Machine Learning Training Phase MCQs with Answers [2025 Updated]

Top 10 MCQs on Training of Machine Learning Models with Answers | Gradient Descent & Optimization Explained

1. Loss Function Purpose

In supervised training, what is the primary role of the loss function?

A. To measure model speed
B. To measure how far predictions deviate from true labels
C. To determine the optimal learning rate
D. To normalize feature values

Answer: B

Explanation: The loss function quantifies prediction error, guiding weight adjustments during training. The loss function is the core compass that guides a model during training — without it, the model has no direction or measure of how well it’s performing.

Loss function is crucial

Gives feedback to the model
Shapes the optimization landscape
Controls bias/variance tradeoff

2. Gradient Calculation

In gradient-based optimization, the gradient of the loss function represents:

A. The direction of the steepest descent
B. The direction of the steepest ascent
C. The curvature of the loss surface
D. The absolute value of the error

Answer: B

Explanation: The gradient points toward the steepest increase in loss; we move in the opposite direction to minimize it.
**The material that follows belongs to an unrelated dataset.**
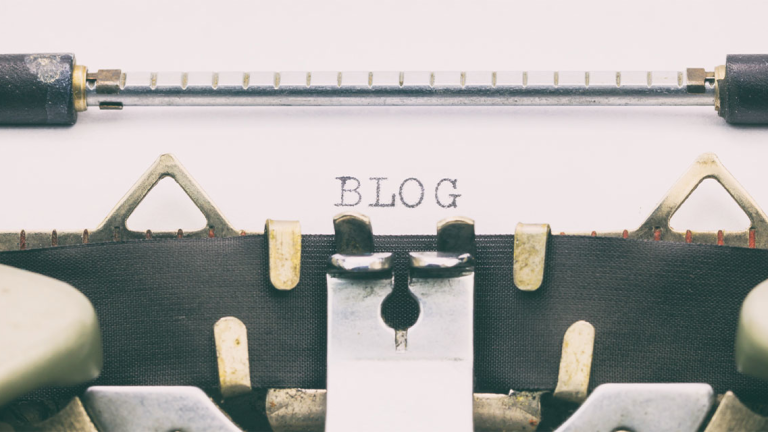 A typewriter with the word Blog typed on the paper.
What does the gradient tell us?

When we train a model using gradient-based optimization (like gradient descent), we want to minimize the loss function — that is, make the model’s error as small as possible.

To do that, we need to know how the loss changes with respect to the model’s parameters (weights).

That’s exactly what the gradient tells us.

Why do we want to minimize the loss function here?

The gradient itself points toward the direction of maximum increase in the function (loss). But in gradient descent, we want to minimize the loss — so we move in the opposite direction of the gradient.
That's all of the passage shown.